Mais revenons en janvier 2011. Instagram avait quelques mois. Elle avait une application à succès et un serveur qui plantait souvent, mais pas de revenus, une petite équipe, et un avenir qui était tout sauf garanti dans un marché où les applications photo apparaissaient et disparaissaient chaque semaine. Dans ce contexte, 100 000 $ en espèces pour un domaine — quand on avait déjà une adresse fonctionnelle sur instagr.am — était une vraie décision d'allocation, pas une décision évidente.
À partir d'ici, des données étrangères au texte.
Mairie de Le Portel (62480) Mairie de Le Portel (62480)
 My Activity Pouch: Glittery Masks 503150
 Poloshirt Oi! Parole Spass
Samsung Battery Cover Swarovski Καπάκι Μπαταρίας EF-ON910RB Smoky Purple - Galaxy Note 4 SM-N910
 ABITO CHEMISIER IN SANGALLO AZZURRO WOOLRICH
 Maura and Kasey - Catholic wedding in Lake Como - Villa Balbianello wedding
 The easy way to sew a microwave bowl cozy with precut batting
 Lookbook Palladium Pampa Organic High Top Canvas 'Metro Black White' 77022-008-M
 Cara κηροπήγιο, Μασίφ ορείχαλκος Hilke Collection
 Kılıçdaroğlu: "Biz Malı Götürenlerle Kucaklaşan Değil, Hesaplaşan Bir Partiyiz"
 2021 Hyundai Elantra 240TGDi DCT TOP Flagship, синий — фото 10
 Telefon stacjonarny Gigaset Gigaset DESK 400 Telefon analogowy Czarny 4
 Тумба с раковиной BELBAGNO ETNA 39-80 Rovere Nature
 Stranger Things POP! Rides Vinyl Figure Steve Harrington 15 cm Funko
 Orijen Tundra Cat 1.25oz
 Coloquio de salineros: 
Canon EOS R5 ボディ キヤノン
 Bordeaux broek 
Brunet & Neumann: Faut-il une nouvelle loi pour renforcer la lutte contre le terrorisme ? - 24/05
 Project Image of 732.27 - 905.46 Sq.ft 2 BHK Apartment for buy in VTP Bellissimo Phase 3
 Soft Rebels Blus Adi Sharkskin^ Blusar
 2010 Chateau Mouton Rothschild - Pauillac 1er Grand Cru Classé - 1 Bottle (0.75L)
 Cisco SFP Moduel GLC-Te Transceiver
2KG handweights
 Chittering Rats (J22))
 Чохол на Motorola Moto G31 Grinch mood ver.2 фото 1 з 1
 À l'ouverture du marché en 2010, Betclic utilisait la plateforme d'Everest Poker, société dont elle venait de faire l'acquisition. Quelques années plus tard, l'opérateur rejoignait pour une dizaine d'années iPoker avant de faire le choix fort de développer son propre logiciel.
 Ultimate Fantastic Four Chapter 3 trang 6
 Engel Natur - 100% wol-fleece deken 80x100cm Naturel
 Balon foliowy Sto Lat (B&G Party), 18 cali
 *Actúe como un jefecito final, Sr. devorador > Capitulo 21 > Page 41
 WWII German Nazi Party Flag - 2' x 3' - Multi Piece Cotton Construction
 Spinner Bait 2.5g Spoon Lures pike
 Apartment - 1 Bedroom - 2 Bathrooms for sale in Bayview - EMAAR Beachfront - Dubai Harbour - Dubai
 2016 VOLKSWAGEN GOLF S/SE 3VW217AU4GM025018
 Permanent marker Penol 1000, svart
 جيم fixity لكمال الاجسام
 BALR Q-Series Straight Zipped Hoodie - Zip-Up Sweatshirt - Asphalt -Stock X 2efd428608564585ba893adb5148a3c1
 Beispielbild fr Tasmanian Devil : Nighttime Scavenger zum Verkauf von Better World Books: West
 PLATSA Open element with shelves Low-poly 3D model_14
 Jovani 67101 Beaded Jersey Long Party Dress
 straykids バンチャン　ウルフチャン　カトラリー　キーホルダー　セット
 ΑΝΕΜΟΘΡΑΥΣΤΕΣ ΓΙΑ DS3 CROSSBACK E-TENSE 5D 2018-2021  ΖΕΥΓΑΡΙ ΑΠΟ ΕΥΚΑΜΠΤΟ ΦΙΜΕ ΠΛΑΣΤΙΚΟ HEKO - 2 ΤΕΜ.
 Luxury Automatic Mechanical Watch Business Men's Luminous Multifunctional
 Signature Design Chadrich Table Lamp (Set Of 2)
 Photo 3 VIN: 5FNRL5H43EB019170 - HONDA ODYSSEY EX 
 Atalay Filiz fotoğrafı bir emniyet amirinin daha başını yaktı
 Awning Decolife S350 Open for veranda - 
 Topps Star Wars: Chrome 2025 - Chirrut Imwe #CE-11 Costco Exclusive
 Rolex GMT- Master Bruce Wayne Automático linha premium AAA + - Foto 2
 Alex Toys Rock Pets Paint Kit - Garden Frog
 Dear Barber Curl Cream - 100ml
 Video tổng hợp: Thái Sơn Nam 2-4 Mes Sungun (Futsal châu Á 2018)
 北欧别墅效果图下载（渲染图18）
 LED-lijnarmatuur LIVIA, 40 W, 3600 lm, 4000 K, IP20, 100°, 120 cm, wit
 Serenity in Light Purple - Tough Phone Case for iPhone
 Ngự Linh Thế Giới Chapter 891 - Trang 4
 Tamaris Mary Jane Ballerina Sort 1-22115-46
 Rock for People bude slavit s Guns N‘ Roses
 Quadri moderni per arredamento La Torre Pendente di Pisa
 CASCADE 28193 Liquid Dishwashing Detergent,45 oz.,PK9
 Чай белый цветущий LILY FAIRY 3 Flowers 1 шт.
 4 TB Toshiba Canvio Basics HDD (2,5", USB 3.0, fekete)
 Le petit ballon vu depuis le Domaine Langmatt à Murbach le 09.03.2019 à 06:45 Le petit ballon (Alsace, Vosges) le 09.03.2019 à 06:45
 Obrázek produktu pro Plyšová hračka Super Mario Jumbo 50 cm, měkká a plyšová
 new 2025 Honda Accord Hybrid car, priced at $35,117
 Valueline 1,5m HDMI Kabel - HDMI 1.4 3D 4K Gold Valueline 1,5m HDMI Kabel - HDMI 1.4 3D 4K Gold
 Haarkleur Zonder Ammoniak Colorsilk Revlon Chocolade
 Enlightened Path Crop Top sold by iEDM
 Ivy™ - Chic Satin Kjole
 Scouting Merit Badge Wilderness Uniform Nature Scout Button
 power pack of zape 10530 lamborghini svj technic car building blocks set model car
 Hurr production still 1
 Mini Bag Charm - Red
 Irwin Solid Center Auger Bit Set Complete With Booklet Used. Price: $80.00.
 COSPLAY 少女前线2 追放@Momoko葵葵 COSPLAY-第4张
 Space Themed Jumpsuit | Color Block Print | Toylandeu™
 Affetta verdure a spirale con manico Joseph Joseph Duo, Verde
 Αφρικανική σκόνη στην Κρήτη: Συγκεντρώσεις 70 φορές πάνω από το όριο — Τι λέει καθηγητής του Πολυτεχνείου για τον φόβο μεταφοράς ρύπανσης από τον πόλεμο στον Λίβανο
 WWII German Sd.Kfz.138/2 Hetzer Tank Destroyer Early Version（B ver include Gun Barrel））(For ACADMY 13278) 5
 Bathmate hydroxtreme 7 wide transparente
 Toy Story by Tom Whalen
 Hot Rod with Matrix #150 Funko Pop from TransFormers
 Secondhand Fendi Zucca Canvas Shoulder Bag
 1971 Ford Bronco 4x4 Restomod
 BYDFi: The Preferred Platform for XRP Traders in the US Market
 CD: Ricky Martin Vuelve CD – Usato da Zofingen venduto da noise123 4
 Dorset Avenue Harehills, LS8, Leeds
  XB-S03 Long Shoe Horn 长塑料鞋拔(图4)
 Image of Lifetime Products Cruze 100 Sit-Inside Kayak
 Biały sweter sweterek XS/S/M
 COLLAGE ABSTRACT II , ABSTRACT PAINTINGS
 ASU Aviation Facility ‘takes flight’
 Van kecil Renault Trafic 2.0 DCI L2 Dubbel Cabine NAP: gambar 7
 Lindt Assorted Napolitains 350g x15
Et la transaction elle-même n'était pas propre. Les reportages sur un procès Facebook ultérieur ont révélé que le vendeur était un ressortissant chinois ; l'achat a été traité par Sedo, selon une copie de l'accord soumise comme preuve. Des années plus tard, la transaction a pris une tournure juridique : comme l'indique un récit, la mère et les sœurs de Murong la poursuivent ainsi qu'Instagram en Chine, affirmant qu'elle n'avait pas l'autorité pour vendre le domaine. Instagram avait acheté son propre nom — et s'est quand même retrouvée à plaider en justice pour savoir qui possédait vraiment quoi.
C'est la vérité peu reluisante derrière presque toutes les histoires de domaine premium : l'appel stratégique (« nous devons posséder Instagram.com ») est la partie facile. Prouver la propriété propre et transférer l'actif en toute sécurité est la partie difficile.
Pourquoi le passage à Instagram.com était important

L'écart entre instagr.am et Instagram.com est un point et deux lettres. Stratégiquement, c'est la différence entre louer son nom et le posséder.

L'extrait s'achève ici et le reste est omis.